Acts of Terror
So Metropolitan Police Commissioner, Sir Ian Blair has decided to launch an investigation into the alleged cocaine abuse of Kate Moss after being swayed by the fear that the pictures of Ms Moss taking cocaine could have a damaging effect on "impressionable young people". So from this we can take the fact that the images of the Metropolitan police shooting an innocent Brazilian man dead on a tube in London is perfectly acceptable and will not make an impression on these "impressionable young people". Says a lot about the state of our society that a model who snorts coke and is seen in a photograph doing so is of far more importance and degrading to society than the shoot to kill policy of the police that lead to a man being chased, caught and then coolly shot in the head 8 times by a policeman whilst it appears being held by a security guard who was trying to protect Jean Charles de Menezes from being murdered.But maybe I should delete my comments for I also read today that the Home Secretary is about to introduce a new bill on his war on terror that includes a section about the glorification of terror in history. The state would lock away for 5 years anyone who "glorifies, exalts or celebrates" a terrorist act committed in the past 20 years, even if the glorification was not meant. So what constitutes an act of terror? Would the Menezes killing constitute as an act against the state, or more to the point would the fact that one stands up against the government or the police in this regards be considered as a crime that is punishable by 5 years in prison, a crime that is only stating the truth.
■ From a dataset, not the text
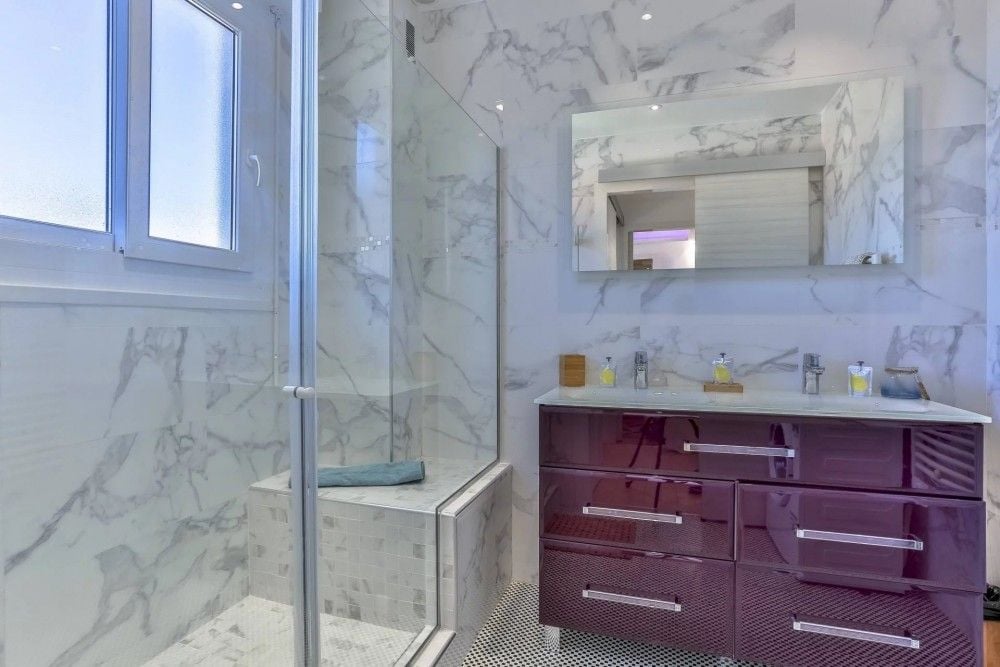 Shower room with marble-effect tiles and burgundy vanity, 2-bedroom apartment in the Promenade des Anglais, Nice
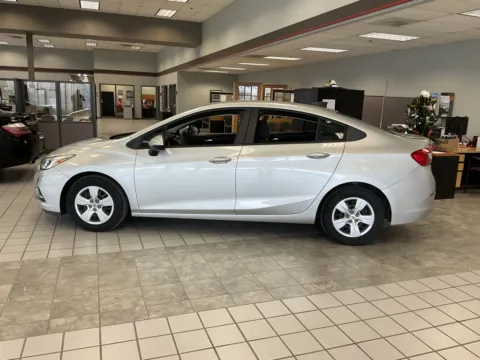 More photos of 2017 Chevrolet Cruze LS at Jay Wolfe Auto Outlet, MO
It seems strange that the bill does not cover any acts of terror that include Ireland. Living in Ireland I am not sure how the indigenous Irish population would view this, one the one hand some would see it as an acknowledgement by the British government that the war staged by the IRA was a legal and just war and on the other they will see it as another colonial act by the Imperialistic British who feel that they still have a hold not just on the 6 counties but also on the whole 32 counties of Ireland. The Loyalists on the other hand will see this as a crime against them and that if the war against the IRA was a legal war then this gives gives backing to the thought that the IRA was not an illegal organisation but a legal entity and not the view held by the Loyalists that the IRA was a totally illegal force who perpetrated nothing but acts of terror and were a terrorist organisation. Surely we have short memories? or is this a case that we are all the same and that the only acts of terror can be committed by people of different skin colours not by people of the same colour for they cannot even use the adage that the new terrorists come from a different country for the bombers in London were born and brought up in England, something some of the old IRA were not who will only consider themselves Irish.